Go To トラベルキャンペーンが昨年末より中断しており、その代替として県民割を財政支援する地域観光事業支援が4月よりスタートしました。またGo To トラベルの内容見直しについても議論が続けられているところです。
このページでは、4月・5月に行われた観光庁長官記者会見の内容から、国の観光支援策について、最新の動向をお伝えします。
「地域観光事業支援」前売り宿泊券も対象に、期限延長
政府はGoToトラベル再開の目処がたっていないことから、1人1泊あたり最大7,000円を補助する「地域観光事業支援」の期間について、最長12月まで延長しました。(ただし、8月末までに予約したものが対象)
そして、感染拡大の影響ですぐに県民割を実施できない都道府県にも支援が行き届くよう「前売り宿泊券・旅行券」を対象にし、将来の旅行需要と宿泊事業者の資金繰りを支援します。

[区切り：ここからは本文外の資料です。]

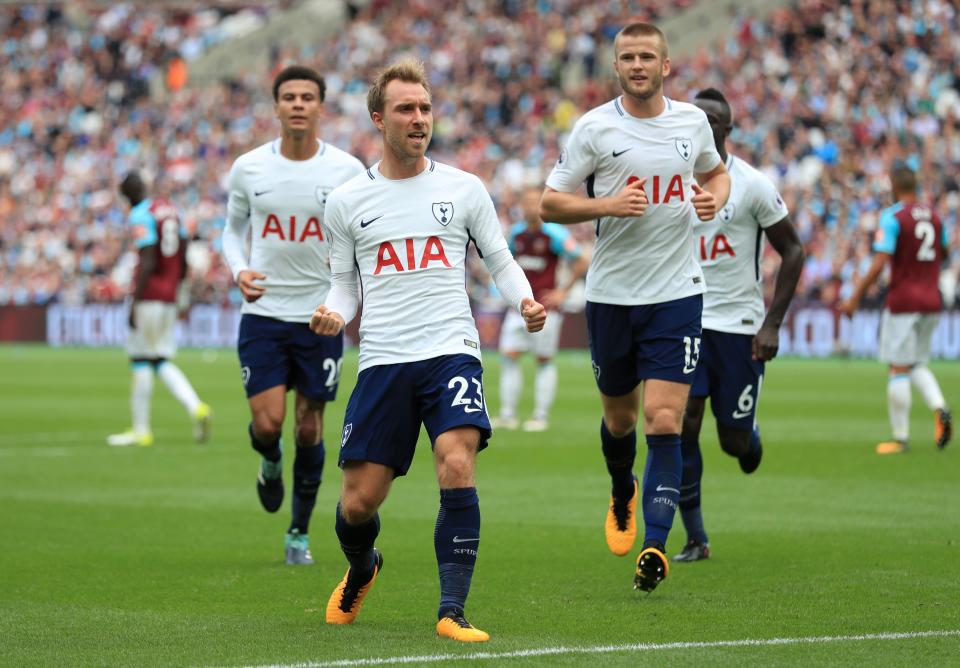 Tottenham’s Christian Eriksen (centre) celebrates scoring his side’s third goal of the game against West Ham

またサーモグラフィや非接触チェックインシステムの導入など、宿泊事業者が感染症対策の強化等に取り組む費用についても、財政的に支援します。
22県から申請、前売り旅行券についても12県が検討
5月19日(水)時点で、地域観光事業支援(県民割)については、既に22県からの補助金の交付申請があり、うち13県(岩手県、秋田県、栃木県、富山県、山梨県、静岡県、島根県、山口県、高知県、長崎県、大分県、宮崎県、鹿児島県)に交付決定をしています。
また「前売り宿泊券・旅行券」について、12県が実施に向け検討しています。
「GoToトラベルキャンペーン」年内再開の可能性
地域観光事業支援とGoToトラベル、割引の併用は?
「地域観光事業支援」は最長12月末まで実施されることになっていますが、感染状況が全国的に落ち着いた場合にはGoToトラベルを速やかに再開する方向で検討しており、2制度の期間が重なる可能性があります。期間が重なった場合は、両方の支援を受けることができるのでしょうか。
これについて観光庁長官は5月19日の会見で、「事業として仮に二つそれぞれが動いているといったことがあっても、一つの事業に対して、両方から支援するということは、根元が同じ国費ですので、そういったことは控えたい、そういったことは出来ない。」と述べ、期間が重なった場合には、旅行者に地域観光事業支援またはGoToトラベルのどちらかを選んでもらう方向で検討を進めていくとしています。
GoToトラベル内容見直しの進捗は?
旅行事業者から、GoToトラベル終了時にソフトランディングするために、現状の割引率を下げて欲しいという要望があり、これについて観光庁長官は5月19日の会見で、「色々な形で何%がよいのか、それともクーポンの方の数を増やすのがいいのか、減らすのがいいのか、そうしたいろいろなケースを、それぞれのメリットやデメリットについて検討しています。」と述べました。
また大型連休などの繁忙期は対象外にすべきだという声が上がっていることについて、「事業者にとって旅行需要の平準化は、生産性の観点等々も含めて非常に重要な課題なものですから、そういった面は我々としても検討課題として認識しています。」とし、GoToトラベルの内容については、現在も様々な角度から協議されており検討段階です。
PCR検査、ワクチン接種をGoToトラベルの条件とする声も
PCR検査で陰性の方またはワクチン接種者をGoToトラベルの支援対象にすべきだという意見が、旅行事業者などから上がっています。
これについて観光庁長官は4月23日の会見で、観光需要回復の前提として、旅行する環境を安心安全なものに整える必要があるという観点から、PCR検査についても部内で議論を行っていることを明らかにした上で、「現在のPCR検査の供給能力、検査能力等を勘案するとGoToというものの中でどこまでそれを取り入れるのが、実際に出来るのかという課題があると、直感的には感じています。」と述べました。
ワクチンについては、「まだまだワクチンの接種率がこういう状況なものですから、この状況でその議論をするには、まだ少し早いのかなと。」とする一方で、国際旅行も含めて旅行需要の活性化のために重要であるとの考えを示しました。尚、政府はワクチンの接種有無を国内移動の対象条件とすることについては、否定的な姿勢を見せています。
GoToトラベルの予算消化状況は?
5月18日時点までに、旅行代金の割引と地域共通クーポン券のための給付金として約6,200億円支出済で、GoToトラベルの割引支援を受ける旅行商品のために約7,200億円を旅行会社や宿泊施設に配分しています。これの地域共通クーポンのための予算等を合計すると約1兆350億円を事実上使用しています。
GoToトラベルのキャンセル補填額については、5月17日時点で申請総額は1,400億円以上で、支払総額は約1,202億円です。
地域観光事業支援の予算として3,300億円を計上しているものの、実際の支出は事業終了後に補助金額を確定するため、現時点での支出はありません。
GoToトラベルについては、1兆円を大きく超える予算が残っています。
今後も、GoToトラベルや県民割について、最新の動向をチェックし、お届けします。